The latest poll numbers are in and they don’t bode well for public education. Support for charter public schools, while still predominantly favorable, eroded, while net support for vouchers grew in the latest Education Next poll. Concerted attacks on charters have been moderately successful, and in some cases the charter sector itself has been its own worst enemy. But it will be a bitter dessert for the teachers’ unions and their allies if the singular fight against charters leads to a voucher system. And that is where the numbers are pointing.
It is kind of the Game of Thrones for public education; while the district and charter houses of public education feud, a larger menace grows beyond the wall.
But let’s look at the survey results.
Support for charter schools has fallen 12 percent from last year, the largest change in opinion that EdNext saw on any single policy from last year. The steepest drop-off came from white participants. At the same time, the survey found that opposition toward school vouchers and other similar policies that direct public aid toward private schools has softened.
Let’s start with a look at the poll, while majorities of the public and particularly Black and Brown families still supported charters more than they didn’t, there was a real dip across the board. Ed Week pulled together some of the data, here’s the latest poll
And you can see the longer term trendlines from Education Next,
They summed up the findings and methodology,
In the new nationally representative survey of more than 4,200 respondents, only 39 percent said they supported charter schools, down from 51 percent in 2016. However, that’s still more than the percentage of respondents who oppose charters, 36 percent. A quarter of respondents said they had no opinion of charter schools one way or the other.
The drop spans both major political parties. Support among Republican respondents fell 13 percent compared to 11 percent in Democrats.
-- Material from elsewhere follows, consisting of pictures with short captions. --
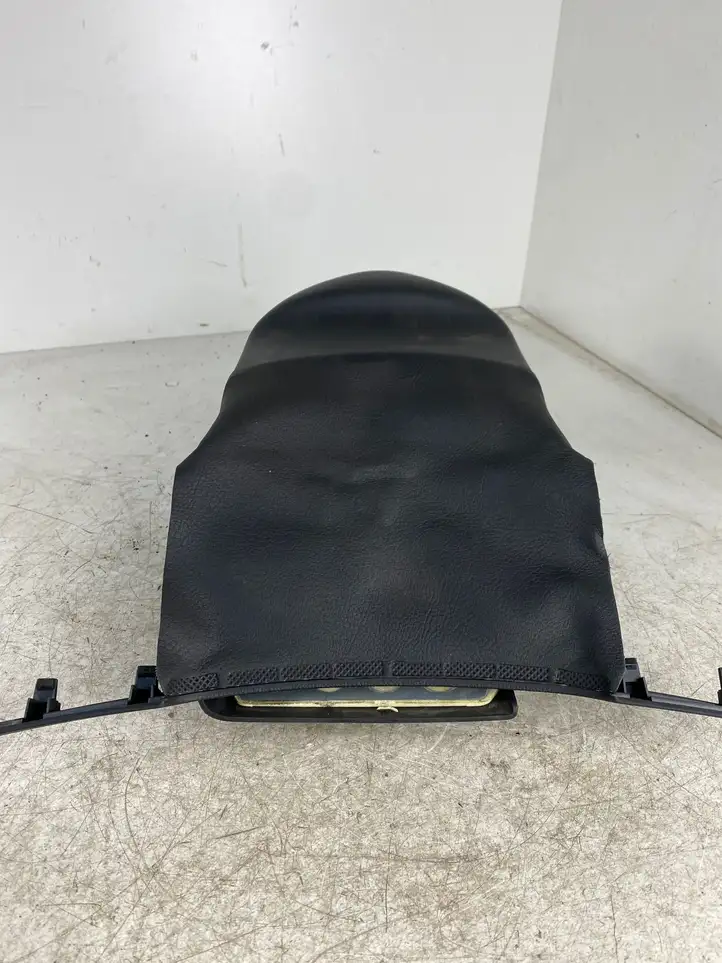 Volkswagen PASSAT B8 (2015 - ) 3G0858566B Обшивка рулевой колонки — фото 5
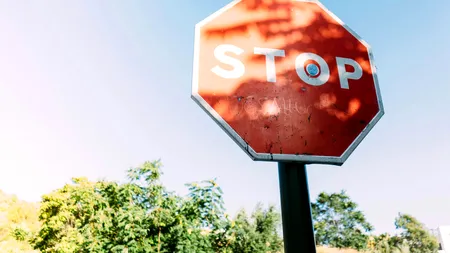 Anchetă pe piața lucrărilor de semnalizare rutieră: posibile înțelegeri anticoncurențiale între firme de profil
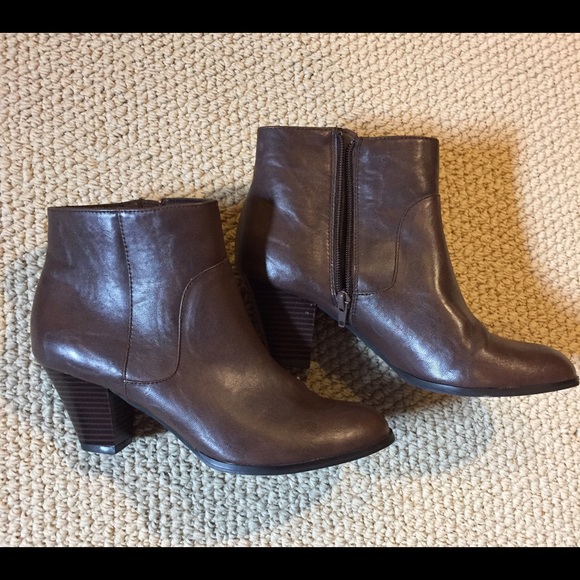Booties on man-made barely worn super comfy wide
But those numbers change based on how the question was asked. Respondents were divided into two groups. One was informed that Trump favors charter schools. Within that group, support among Republicans significantly increased, and only slightly eroded among Democratic respondents. This has the net effect of boosting support for charter schools to 45 percent.
In my view this is the result of a somewhat successful anti-charter campaign, failures of charters to clean their own houses, having some pretty nasty friends, whether we want them or not, as well as charters being lumped in with the rest of the “failing public schools” by some republicans. But in the end, proponents of public education should be worried. If charters wane as a reform, vouchers are waiting in the wings. And surprisingly the trend lines on vouchers are going the other way, with decreasing resistance and a stable level of majority support.
Again from EdWeek,
Opposition to tax-credit scholarships for low-income students has fallen from 29 percent last year to 24 percent this year. Support for the policy—which is most popular among the various types of private-school choice programs according to the poll—remained essentially flat at 54 percent.
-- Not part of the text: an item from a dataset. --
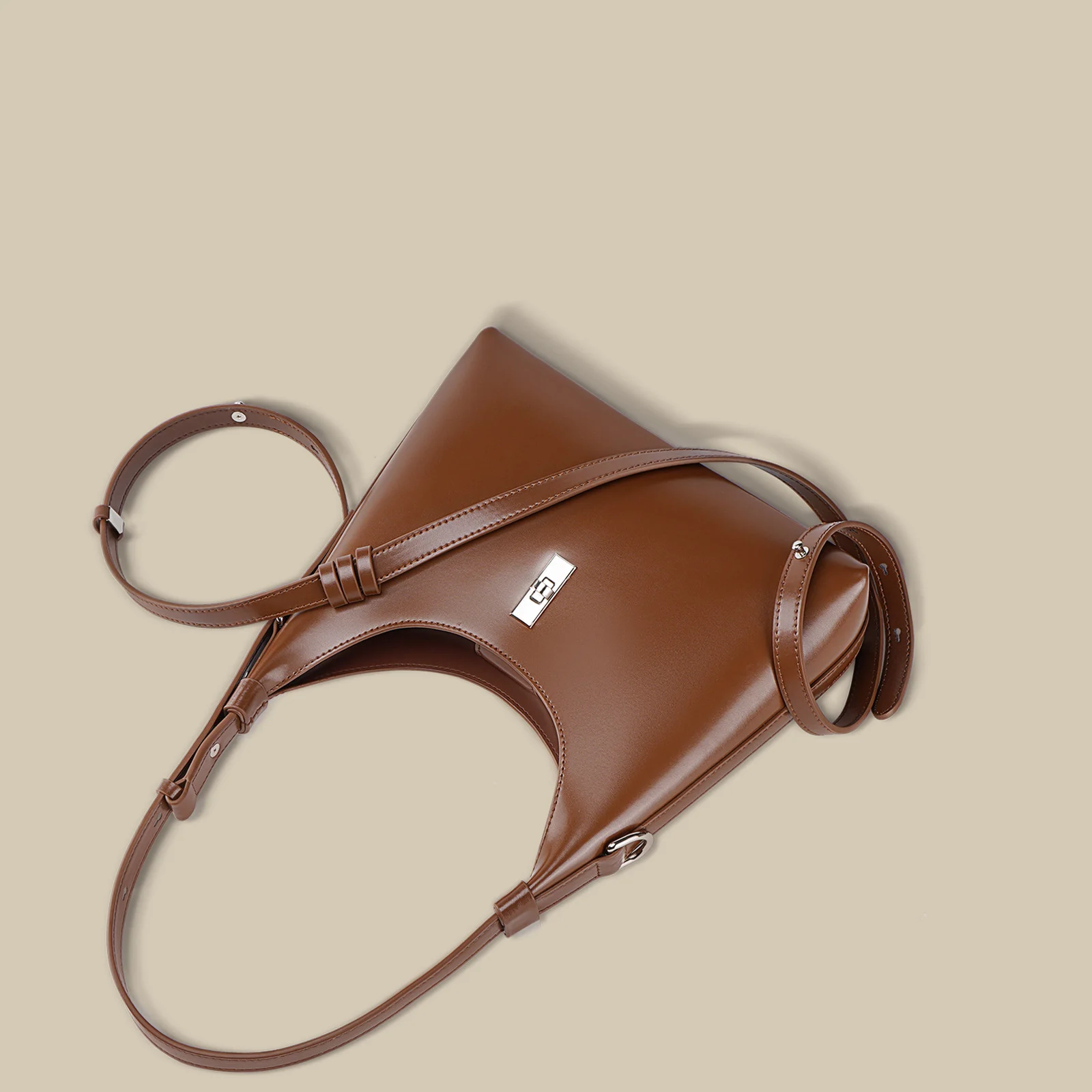 Sac à main rétrospectif en cuir véritable – Format Croissant 3 Sac en cuir véritable marron avec coutures contrastées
The same trend was seen on the question of allowing all families to use vouchers: Opposition fell while support went unchanged.
If critics of charters worry about transparency and equity, they should be doubly worried about vouchers. And if they are playing a long game, I would hope they pay attention. They may win some rhetorical battles and sacrifice some charters on the battlefield, but they don’t even seem to notice the White Walkers on the horizon, and the war they should fight, but are steadily losing.